Contre-emplacements des années 1990 – l’art comme critique

Anne-Marie Duguet (1988) a été l’une des premières à montrer qu’au fil des années 1970, le dispositif de surveillance (au sens foucaldien du terme), avec ses principes de continuité, de circularité, d’invisibilité de l’observateur et de dissociation entre voir et vu, devient le dispositif de référence pour l’art-vidéo s’inspirant des gestes théâtraux de l’art conceptuel et du minimal art. Depuis, la logique du direct et du temps réel a même infiltré les récits cinématographiques, elle est devenue une rhétorique, comme l’a souligné Thomas Y. Levin (2002). Certains artistes et cinéastes, visant à la fois la dimension politique et esthétique de ce dispositif tout en exposant sa rhétorique, ont su rédiger des sortes de manifestes accompagnant et expliquant leur travail de reprise critique.

Ainsi, le cinéaste et artiste Harun Farocki, s’intéressant, de son film majeur Images du monde et inscription de la guerre (1988) à ses installations Oeil/machine 1-3 (2000-2003) et Serious Games (2009-10), aux vues aériennes et aux simulations numériques servant à la reconnaissance militaire, déclare-t-il dans un texte publié dans la revue Trafic et intitulé “Du point de vue de la guerre” : “Il n’y a pas d’images qui ne visent l’oeil humain” (2004 : 452).

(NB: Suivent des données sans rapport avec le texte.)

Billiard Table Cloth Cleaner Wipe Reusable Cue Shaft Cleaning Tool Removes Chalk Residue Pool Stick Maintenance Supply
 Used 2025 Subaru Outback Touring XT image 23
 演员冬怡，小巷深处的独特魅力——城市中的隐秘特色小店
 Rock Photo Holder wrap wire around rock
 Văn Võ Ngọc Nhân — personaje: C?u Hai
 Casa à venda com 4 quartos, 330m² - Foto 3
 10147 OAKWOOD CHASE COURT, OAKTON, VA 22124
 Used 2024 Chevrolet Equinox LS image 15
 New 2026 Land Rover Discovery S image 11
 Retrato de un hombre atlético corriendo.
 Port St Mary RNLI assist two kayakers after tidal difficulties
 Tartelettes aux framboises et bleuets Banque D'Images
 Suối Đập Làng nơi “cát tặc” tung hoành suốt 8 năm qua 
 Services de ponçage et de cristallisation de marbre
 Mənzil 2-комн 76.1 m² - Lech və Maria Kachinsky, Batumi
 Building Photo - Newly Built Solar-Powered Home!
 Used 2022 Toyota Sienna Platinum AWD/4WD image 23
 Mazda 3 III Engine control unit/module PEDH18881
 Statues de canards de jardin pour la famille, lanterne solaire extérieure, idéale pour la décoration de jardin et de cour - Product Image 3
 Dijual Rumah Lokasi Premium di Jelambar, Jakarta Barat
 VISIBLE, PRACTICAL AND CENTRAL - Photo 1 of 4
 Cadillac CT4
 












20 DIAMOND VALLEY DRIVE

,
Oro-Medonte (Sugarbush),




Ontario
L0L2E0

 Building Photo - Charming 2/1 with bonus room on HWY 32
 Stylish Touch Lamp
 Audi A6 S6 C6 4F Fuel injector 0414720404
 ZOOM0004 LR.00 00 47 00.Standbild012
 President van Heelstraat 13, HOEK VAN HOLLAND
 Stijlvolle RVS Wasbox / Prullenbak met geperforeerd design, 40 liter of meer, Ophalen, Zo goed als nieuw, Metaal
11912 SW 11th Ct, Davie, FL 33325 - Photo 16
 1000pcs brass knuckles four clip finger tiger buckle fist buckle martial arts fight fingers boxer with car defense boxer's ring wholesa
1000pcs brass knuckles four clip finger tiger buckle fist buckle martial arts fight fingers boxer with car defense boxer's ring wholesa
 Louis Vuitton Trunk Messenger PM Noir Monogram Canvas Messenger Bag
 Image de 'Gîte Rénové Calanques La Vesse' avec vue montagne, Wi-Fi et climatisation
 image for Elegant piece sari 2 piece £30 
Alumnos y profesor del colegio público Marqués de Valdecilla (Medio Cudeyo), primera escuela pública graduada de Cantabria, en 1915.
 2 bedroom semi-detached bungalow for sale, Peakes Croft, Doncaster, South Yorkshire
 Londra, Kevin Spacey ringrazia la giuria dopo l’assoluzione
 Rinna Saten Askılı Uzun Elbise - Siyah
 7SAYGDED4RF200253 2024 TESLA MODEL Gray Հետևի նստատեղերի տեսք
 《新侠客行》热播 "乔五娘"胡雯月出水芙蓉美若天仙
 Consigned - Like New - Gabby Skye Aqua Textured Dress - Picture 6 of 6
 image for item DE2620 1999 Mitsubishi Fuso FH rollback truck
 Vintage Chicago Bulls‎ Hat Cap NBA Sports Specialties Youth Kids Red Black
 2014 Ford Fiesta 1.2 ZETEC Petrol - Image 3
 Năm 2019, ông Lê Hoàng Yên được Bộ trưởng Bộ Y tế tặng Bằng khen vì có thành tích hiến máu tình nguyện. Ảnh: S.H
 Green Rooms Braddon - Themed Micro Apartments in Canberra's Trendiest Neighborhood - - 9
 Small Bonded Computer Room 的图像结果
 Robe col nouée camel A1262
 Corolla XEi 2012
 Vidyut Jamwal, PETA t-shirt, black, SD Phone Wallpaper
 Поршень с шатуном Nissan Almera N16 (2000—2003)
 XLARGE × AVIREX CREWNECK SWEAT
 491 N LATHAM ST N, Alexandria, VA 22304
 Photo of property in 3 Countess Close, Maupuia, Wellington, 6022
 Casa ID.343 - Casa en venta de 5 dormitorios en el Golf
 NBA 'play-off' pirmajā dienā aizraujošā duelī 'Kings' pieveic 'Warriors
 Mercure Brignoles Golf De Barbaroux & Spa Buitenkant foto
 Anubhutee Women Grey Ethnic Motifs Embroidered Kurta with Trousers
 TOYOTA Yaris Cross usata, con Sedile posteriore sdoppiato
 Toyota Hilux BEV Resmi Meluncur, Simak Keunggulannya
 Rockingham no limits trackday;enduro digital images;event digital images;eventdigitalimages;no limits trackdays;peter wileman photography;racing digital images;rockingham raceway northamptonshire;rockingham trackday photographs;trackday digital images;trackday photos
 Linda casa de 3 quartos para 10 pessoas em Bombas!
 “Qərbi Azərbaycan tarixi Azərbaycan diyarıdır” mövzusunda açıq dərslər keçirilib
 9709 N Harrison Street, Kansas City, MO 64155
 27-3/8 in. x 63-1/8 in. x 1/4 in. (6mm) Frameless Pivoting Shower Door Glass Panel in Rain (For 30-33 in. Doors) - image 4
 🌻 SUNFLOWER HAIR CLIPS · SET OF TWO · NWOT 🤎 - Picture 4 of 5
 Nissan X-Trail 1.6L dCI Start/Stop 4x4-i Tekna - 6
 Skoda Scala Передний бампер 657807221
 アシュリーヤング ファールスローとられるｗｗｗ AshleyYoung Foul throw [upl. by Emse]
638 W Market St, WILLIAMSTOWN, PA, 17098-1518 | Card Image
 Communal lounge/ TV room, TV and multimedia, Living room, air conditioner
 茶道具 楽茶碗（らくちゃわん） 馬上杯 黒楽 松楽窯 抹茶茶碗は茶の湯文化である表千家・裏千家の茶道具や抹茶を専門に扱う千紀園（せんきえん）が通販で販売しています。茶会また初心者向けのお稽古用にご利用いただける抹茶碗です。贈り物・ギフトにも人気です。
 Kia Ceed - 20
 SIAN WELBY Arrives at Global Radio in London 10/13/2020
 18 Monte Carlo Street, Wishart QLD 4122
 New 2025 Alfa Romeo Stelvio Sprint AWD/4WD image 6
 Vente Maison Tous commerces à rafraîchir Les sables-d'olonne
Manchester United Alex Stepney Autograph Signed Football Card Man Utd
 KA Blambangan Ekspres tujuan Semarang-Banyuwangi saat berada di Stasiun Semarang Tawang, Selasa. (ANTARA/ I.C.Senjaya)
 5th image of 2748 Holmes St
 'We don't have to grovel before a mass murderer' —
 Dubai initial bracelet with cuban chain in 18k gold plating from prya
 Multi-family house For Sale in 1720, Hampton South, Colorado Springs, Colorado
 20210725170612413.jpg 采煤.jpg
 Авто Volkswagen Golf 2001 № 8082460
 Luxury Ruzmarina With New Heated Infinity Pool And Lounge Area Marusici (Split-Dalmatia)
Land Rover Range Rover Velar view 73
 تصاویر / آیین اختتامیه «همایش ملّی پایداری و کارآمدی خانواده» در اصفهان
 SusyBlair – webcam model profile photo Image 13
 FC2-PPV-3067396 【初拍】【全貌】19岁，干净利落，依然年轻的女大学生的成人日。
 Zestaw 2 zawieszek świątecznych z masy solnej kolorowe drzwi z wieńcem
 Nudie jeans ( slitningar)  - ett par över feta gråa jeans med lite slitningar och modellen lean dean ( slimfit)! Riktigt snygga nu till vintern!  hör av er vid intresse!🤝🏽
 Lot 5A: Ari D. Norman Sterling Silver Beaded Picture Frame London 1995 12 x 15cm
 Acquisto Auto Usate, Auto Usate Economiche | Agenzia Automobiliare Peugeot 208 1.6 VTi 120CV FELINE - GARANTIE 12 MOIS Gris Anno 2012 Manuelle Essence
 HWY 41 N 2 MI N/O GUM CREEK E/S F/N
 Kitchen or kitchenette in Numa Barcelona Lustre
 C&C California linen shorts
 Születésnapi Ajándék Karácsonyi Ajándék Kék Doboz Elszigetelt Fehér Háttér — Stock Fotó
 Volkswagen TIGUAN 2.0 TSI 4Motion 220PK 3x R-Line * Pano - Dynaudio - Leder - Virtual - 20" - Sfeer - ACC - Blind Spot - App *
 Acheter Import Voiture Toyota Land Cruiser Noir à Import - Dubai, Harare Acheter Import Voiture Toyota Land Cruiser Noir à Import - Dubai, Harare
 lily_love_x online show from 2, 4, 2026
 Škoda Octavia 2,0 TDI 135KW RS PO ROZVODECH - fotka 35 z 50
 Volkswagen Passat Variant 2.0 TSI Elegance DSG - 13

Dans le contexte d’une surveillance à destination et à mémoire incertaine, Farocki s’intéresse particulièrement aux dernières technologies et aux différents régimes de virtualité. Il analyse l’articulation de l’enregistrement au sein des outils numériques censés réduire ou transformer les informations analogiques. “Les films d’animation, écrit-il, qu’ils soient produits sur la planche à dessin, ou par ordinateur, utilisent volontiers un point de vue où il serait difficile, voire tout à fait impossible, de placer une caméra. […] Les films d’animation sont un genre qui ne peut véritablement peindre la mort : tout ici est réversible” (2004 : 446). Par là, Farocki renvoie, tout comme Serge Daney, l’image numérique à la “tendance-dessin”[6] du cinéma, s’opposant, depuis ses débuts, à la “tendance-enregistrement”. Comme Daney, Farocki dialectise cette opposition et la rend paradoxale. Il souligne qu’aujourd’hui les animations numériques “imposent une norme stylistique” et “se tiennent elles-mêmes pour des images exemplaires. Elles n’hésitent pas à représenter le sexe et la mort” (2004 : 446). Ou au contraire, ne prenant pas en compte l’homme, un désert de synthèse par exemple, dit-il, “est l’endroit idéal pour imaginer une guerre propre, où chaque arme suscite une anti-arme, puis une anti-anti-arme” (ibid : 450). Une telle simulation ressemblerait en ceci aux images fonctionnelles de la première guerre du Golfe, et ses vues aériennes filmées du point de vue des bombes, présentées aux téléspectateurs comme une sorte “d’utopie de guerre” (ibid. : 452).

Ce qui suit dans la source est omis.